* INSTRUCTIONS FOR THE TASK *
Below is a listing with pictures in it; transcribe exactly the lines from the one that has "Right taillight HYUNDAI" through the one that has "Die Macht der Zahlen", and omit those pictures.

* GIVEN RECORDS *
::::

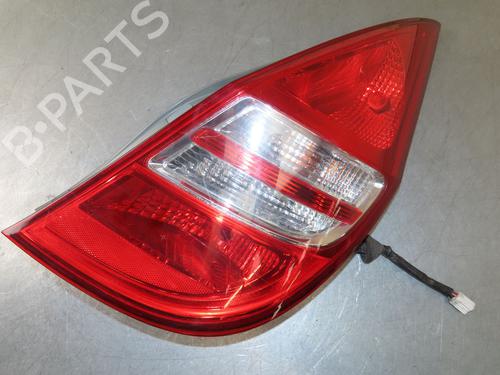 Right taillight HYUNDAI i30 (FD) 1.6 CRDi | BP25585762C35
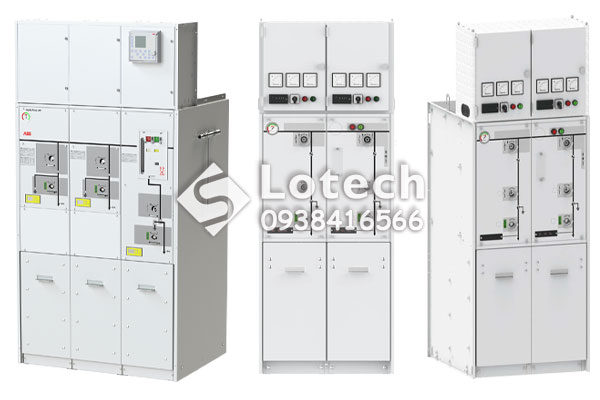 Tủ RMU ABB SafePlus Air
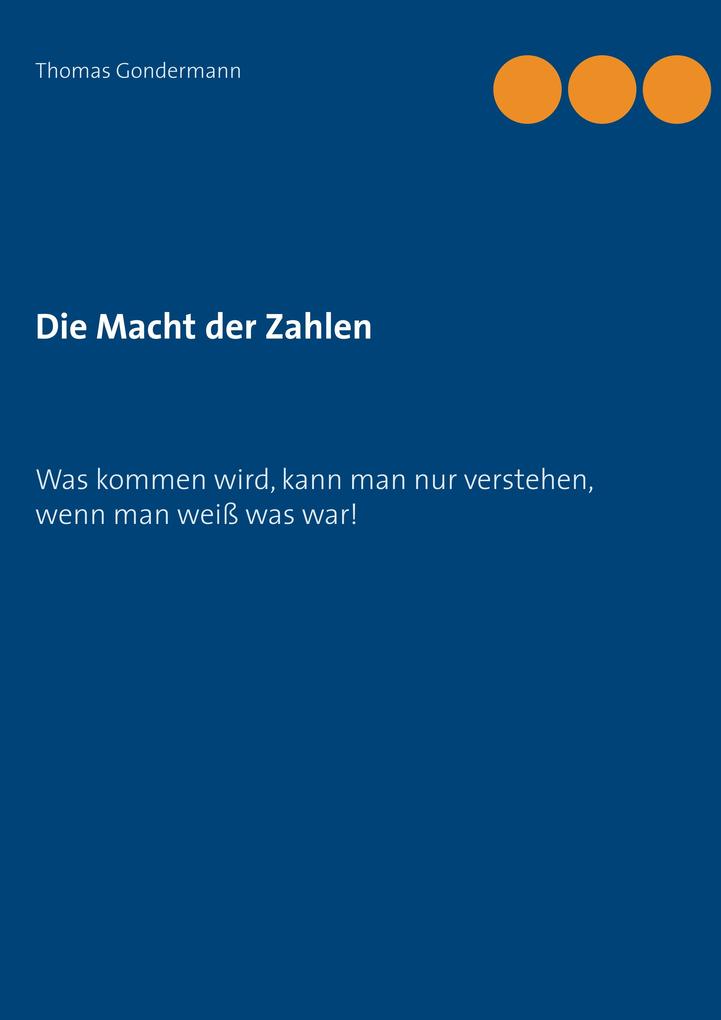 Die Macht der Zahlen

::::

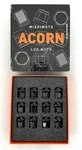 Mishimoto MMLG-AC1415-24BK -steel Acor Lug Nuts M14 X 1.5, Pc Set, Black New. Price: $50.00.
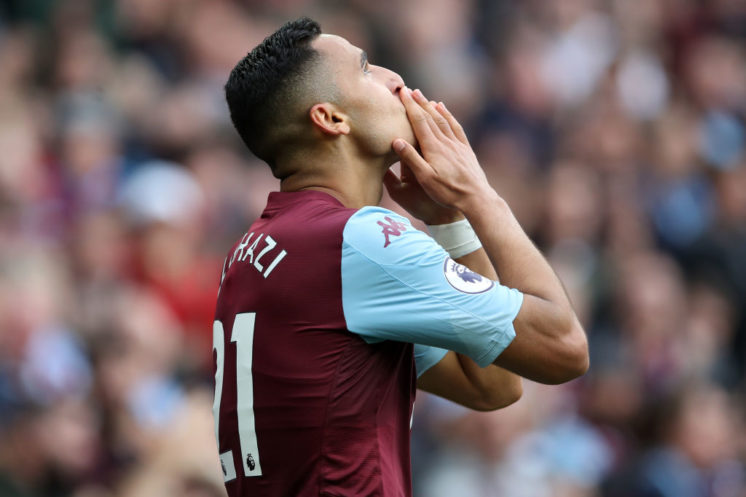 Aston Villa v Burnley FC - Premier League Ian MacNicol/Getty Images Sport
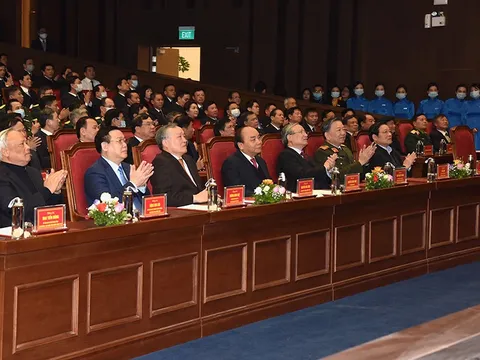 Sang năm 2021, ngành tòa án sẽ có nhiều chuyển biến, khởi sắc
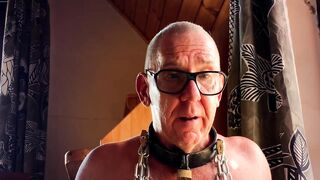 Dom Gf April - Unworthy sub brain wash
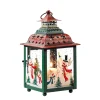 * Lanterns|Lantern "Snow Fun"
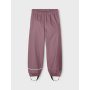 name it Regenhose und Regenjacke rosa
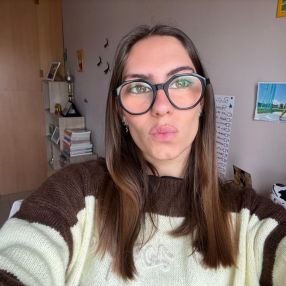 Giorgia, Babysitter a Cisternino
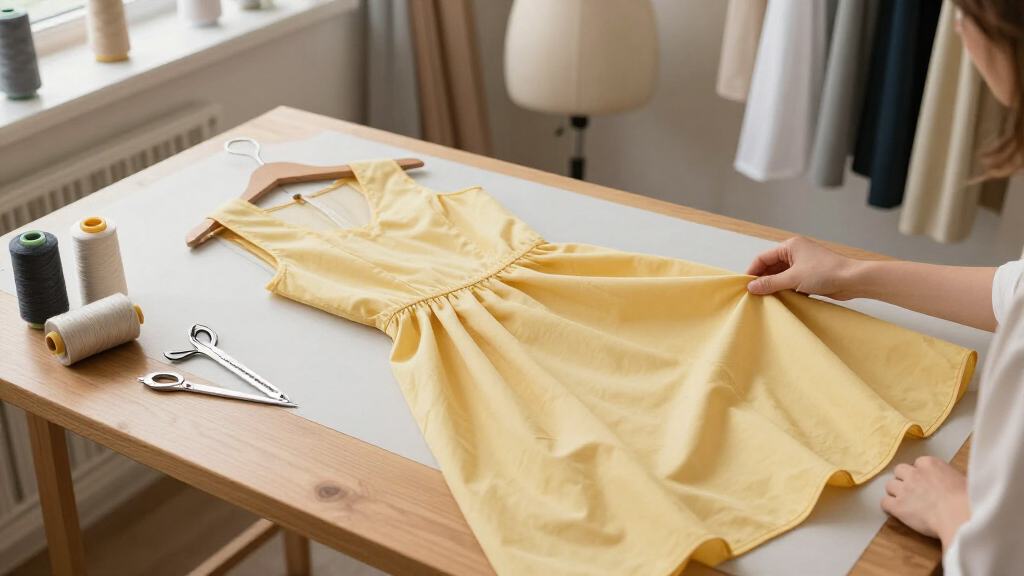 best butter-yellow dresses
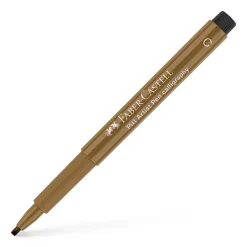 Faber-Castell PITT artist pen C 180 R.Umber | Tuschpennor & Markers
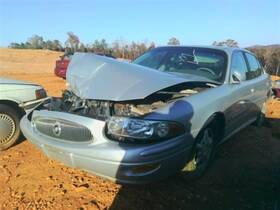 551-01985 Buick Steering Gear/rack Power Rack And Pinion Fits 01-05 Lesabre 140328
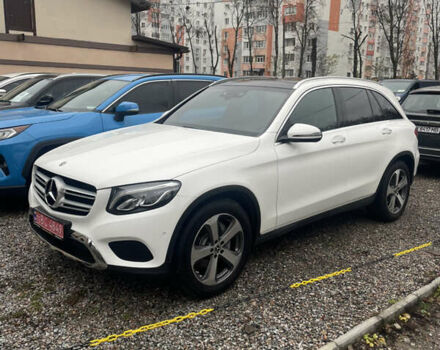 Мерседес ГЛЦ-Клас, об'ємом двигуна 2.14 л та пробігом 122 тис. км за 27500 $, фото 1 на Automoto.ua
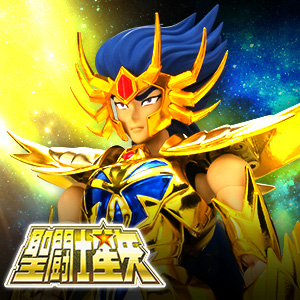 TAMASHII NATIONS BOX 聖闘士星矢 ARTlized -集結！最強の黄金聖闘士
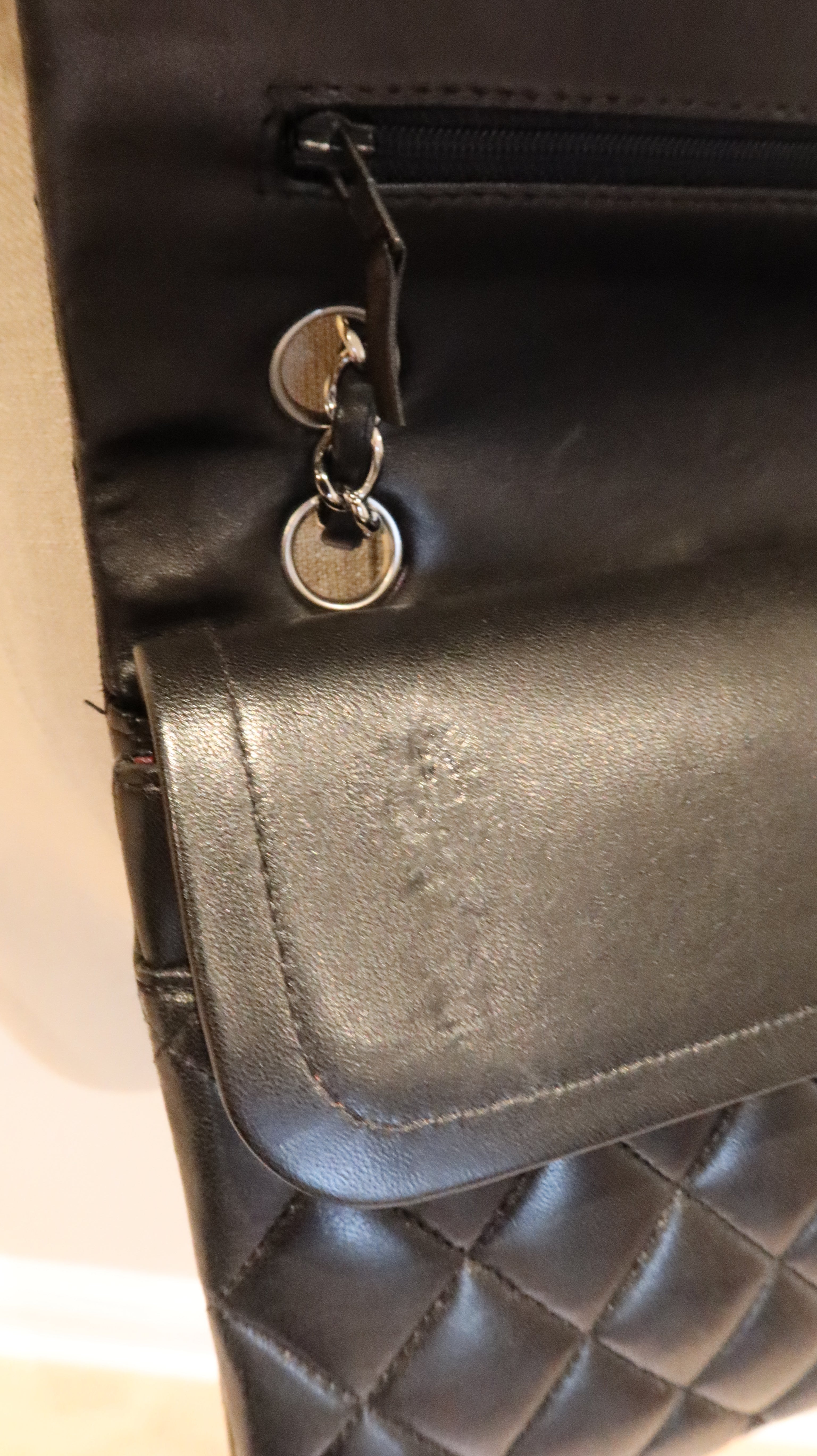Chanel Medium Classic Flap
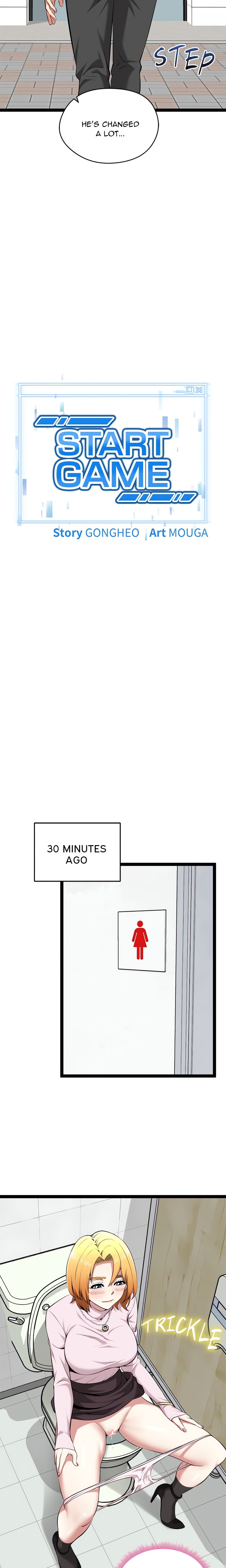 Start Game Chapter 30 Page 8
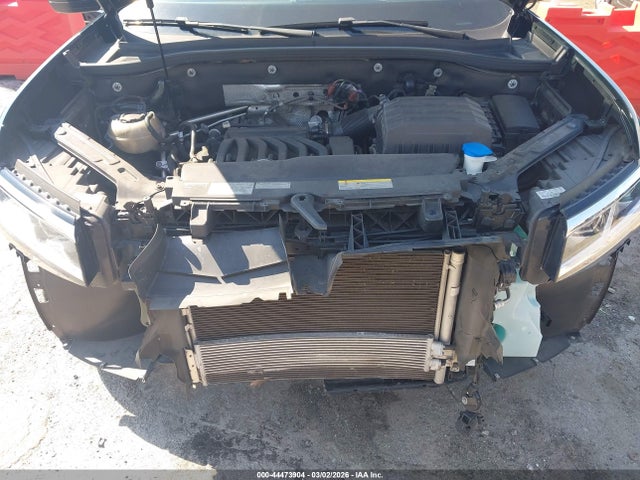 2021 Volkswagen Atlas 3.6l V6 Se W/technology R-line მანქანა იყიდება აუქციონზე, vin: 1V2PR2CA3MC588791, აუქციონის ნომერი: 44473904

::::

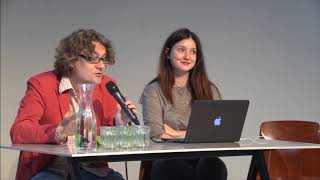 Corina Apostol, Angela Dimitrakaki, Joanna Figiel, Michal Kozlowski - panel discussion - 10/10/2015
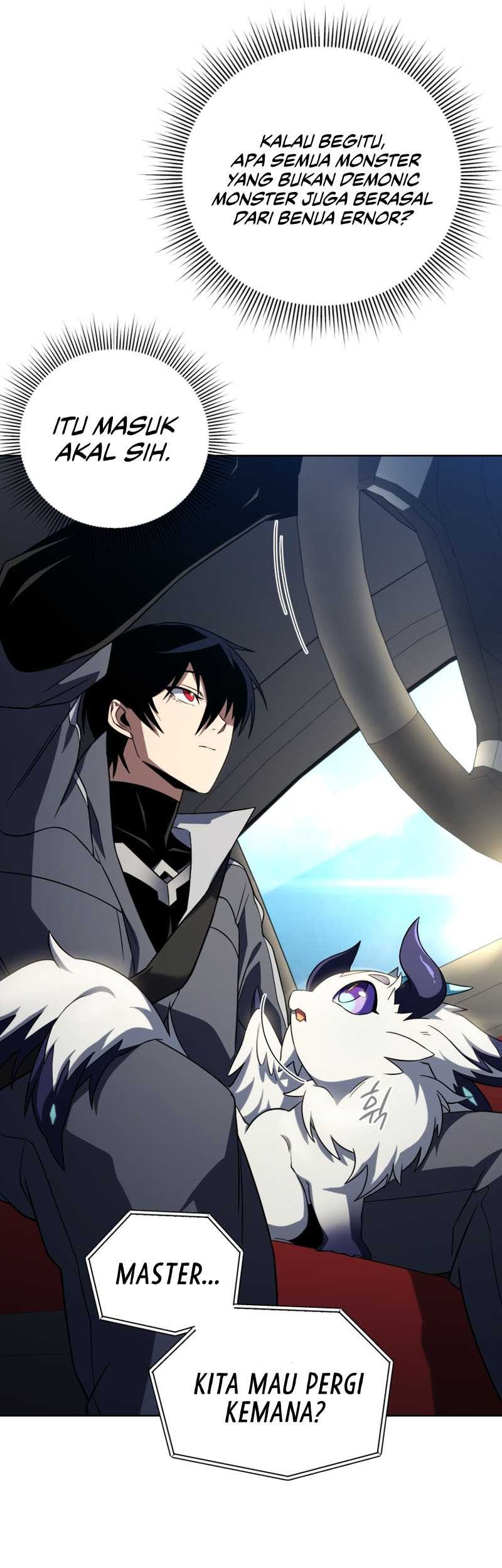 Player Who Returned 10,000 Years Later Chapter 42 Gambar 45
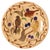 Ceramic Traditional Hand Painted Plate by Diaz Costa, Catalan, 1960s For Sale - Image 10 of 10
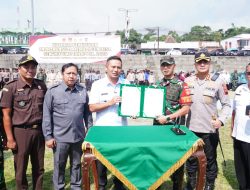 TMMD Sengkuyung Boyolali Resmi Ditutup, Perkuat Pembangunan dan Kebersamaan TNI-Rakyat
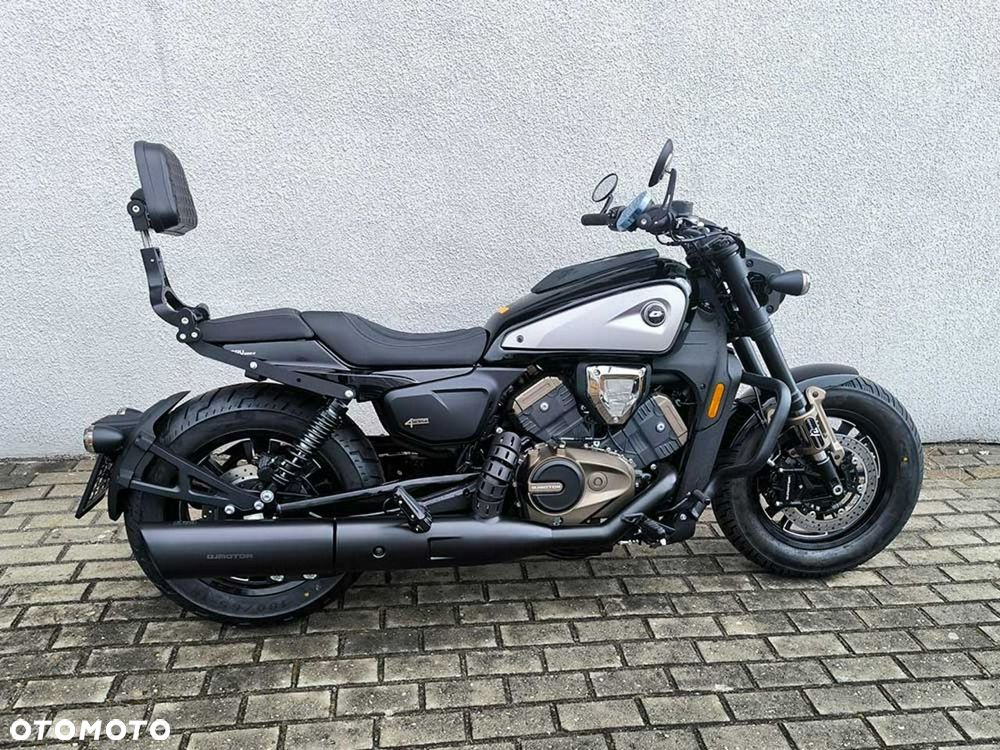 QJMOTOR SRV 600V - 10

::::

* EXERCISE OUTPUT *
 Right taillight HYUNDAI i30 (FD) 1.6 CRDi | BP25585762C35
 Tủ RMU ABB SafePlus Air
 Die Macht der Zahlen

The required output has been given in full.